Neil Faulkner, managing director of P2P analysis firm 4th Way, warns that caution is needed. Even though there are opportunities here for P2P property platforms, many firms have failed to revive collapsed brands.
“In-person shopping is far from dead,” he says.
“P2P property platforms that carefully scrutinise the area, footfall and prospects, and set sensible loan-to-values (LTVs), can safely offer such loans to investors.”
He goes on to say that P2P platforms can service the high-quality property borrowers that are being seriously underserved due to the pandemic and Brexit concerns.
At the same time, banks are becoming more cautious about conducting property lending and will likely withdraw from servicing small- and medium-sized enterprises (SMEs) once government-backed lending schemes come to an end.
This all provides an opportunity for P2P property lenders to serve these borrowers.
Atuksha Poonwassie, managing director of P2P and equity crowdfunding platform Simple Crowdfunding, says that the Covid-19 crisis has prompted some platforms to partner with banks to provide mezzanine finance to property borrowers. This fills a gap in the market where borrowers are being left short of the funds they require after traditional lenders have tightened their criteria.
“There are lots of good things that have come out of Covid, so it’s just a case of tapping into that opportunity,” she says.
“There is still finance available, but lenders have changed their criteria, so borrowers are looking elsewhere to P2P and crowdfunding for additional layers of finance.”
But the prospect of a property slump after the stamp duty holiday ends has put platforms on high alert, ready to pounce when the next deal appears.
Several P2P property lenders have expressed to Peer2Peer Finance News that they can adapt to any predicted slowdown as there is such a strong need for property funding away from the banks.
The ongoing housing shortage means that more homebuilding needs to be financed and thus there is a place for SME developers, a group that have historically found it difficult to raise funds from mainstream lenders.
It also goes without saying that people still want to own their own home and the need to buy and move at different life stages will remain.
In addition, given the record low base rate, now is the perfect time for these platforms to be lending.
“Overall, P2P property lending will continue to demonstrate excellent risk-adjusted returns for quite some time,” says Neil Faulkner.
“The sector will continue to grow and take over market share.

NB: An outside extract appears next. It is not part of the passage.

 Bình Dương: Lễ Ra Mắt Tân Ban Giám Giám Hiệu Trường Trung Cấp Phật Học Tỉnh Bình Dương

Potentially, at some point, the return investors receive will come down to better reflect the typically lower risks in this sector, but investors will have many years before their returns slip from being extraordinary to merely satisfactory.”
There is also an opportunity for P2P property platforms to tap into one of the biggest investment trends du jour – environmental, social and governance (ESG).
A number of platforms have already been supporting environmentally friendly and sustainable housebuilding and cite this as an area of growth.
For years, Assetz Capital has supported good quality offsite manufacturing of homes and CrowdProperty has backed sustainable modern methods of construction, and now Relendex is joining the party.
Last year, the platform partnered with developers who were cognisant of the issues around climate change and going forward it will work with independent trustees with proven environmental credentials to find a way to incentivise its developers to adopt best practices.
“In the short-term, suitable developments will be highlighted on our platform,” says Paul Sonabend, executive chair of Relendex.
“We hope that our lenders will accept a lower rate of return on these loans in the knowledge that our borrowers meet the highest ESG standards which adds to their costs, and therefore merit preferential finance rates.”
Despite the wider macroeconomic challenges impacting all businesses and industries, it seems certain that P2P property platforms will take every possible chance to innovate and grow.
This sector is set on stoking the flames of the beleaguered property market, spotting new possibilities, and producing inflation-beating yields for investors.